The potential threat to human health resulting from inappropriate, profit seeking antibiotic use in food animals is significant, as pathogenic-resistant organisms propagated in these livestock are poised to enter the food supply and could be widely disseminated in food products.

Antibiotics used on farms can spill over into the surrounding environment, for instance through water run-off and slurry, according to a report from the UN’s environment body, last year, with the potential to create resistance to the drugs across a wide area.

In 2013, researchers showed that people who simply lived near pig farms or crop fields fertilized with pig manure are 30% more likely to become infected with methicillin-resistant Staphylococcus aureus bacteria.

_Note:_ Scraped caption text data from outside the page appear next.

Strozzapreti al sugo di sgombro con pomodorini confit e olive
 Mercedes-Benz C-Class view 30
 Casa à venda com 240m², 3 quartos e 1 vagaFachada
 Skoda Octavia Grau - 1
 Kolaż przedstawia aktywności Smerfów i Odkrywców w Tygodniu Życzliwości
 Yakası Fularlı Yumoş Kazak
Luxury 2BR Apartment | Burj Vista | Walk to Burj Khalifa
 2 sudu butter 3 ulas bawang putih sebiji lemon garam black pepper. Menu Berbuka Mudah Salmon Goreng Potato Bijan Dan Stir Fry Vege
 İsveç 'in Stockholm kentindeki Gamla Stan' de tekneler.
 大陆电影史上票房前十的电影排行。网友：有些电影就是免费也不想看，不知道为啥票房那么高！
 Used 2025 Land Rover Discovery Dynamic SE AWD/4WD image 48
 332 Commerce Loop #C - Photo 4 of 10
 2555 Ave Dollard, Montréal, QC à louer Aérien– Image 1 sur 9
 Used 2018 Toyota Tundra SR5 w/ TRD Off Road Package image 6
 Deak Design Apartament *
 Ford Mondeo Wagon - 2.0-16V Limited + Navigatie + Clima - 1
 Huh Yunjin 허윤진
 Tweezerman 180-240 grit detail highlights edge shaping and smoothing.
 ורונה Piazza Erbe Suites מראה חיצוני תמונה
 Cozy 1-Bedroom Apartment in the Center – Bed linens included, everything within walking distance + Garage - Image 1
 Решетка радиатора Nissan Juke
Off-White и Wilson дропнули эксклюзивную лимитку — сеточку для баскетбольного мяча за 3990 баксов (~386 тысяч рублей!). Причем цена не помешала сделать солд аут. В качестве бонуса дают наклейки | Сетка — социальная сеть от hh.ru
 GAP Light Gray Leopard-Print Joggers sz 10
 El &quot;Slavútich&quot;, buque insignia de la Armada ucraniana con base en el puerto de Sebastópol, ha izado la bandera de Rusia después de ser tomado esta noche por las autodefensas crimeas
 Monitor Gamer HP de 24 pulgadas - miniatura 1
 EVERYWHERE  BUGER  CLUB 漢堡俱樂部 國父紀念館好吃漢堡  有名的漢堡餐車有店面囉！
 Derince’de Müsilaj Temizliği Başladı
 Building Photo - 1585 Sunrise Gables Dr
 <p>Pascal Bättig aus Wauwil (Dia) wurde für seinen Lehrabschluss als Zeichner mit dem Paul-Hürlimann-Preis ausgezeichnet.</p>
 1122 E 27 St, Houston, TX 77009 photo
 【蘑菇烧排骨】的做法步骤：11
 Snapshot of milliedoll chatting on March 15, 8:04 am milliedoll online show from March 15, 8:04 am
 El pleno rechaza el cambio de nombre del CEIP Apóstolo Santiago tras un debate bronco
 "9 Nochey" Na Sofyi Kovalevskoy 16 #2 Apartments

Cash for care – rationing referrals to hospital consultants and diagnostic testing

It was announced in April this year that General Practitioners (GPs) across England will be able to “better manage” hospital referrals with a “digital traffic light system” developed by the Downing Street policy wonks. This nudge is designed to target the ‘referral behaviours’ of GPs.

GPs are being offered cash payments as an ‘incentive’ to not refer patients to hospitals – including cancer patients – according to an investigation by Pulse, a website for GPs. 

Furthermore, a leaked letter sent by NHS to England to Clinical Commissioning Groups (CCGs) and seen by Pulse magazine last year, asks that all family doctors in England to seek approval from a medical panel for all non-urgent hospital referrals.  

A “clinical peer review of all referrals from general practice by September 2017”, will be required, the letter said. 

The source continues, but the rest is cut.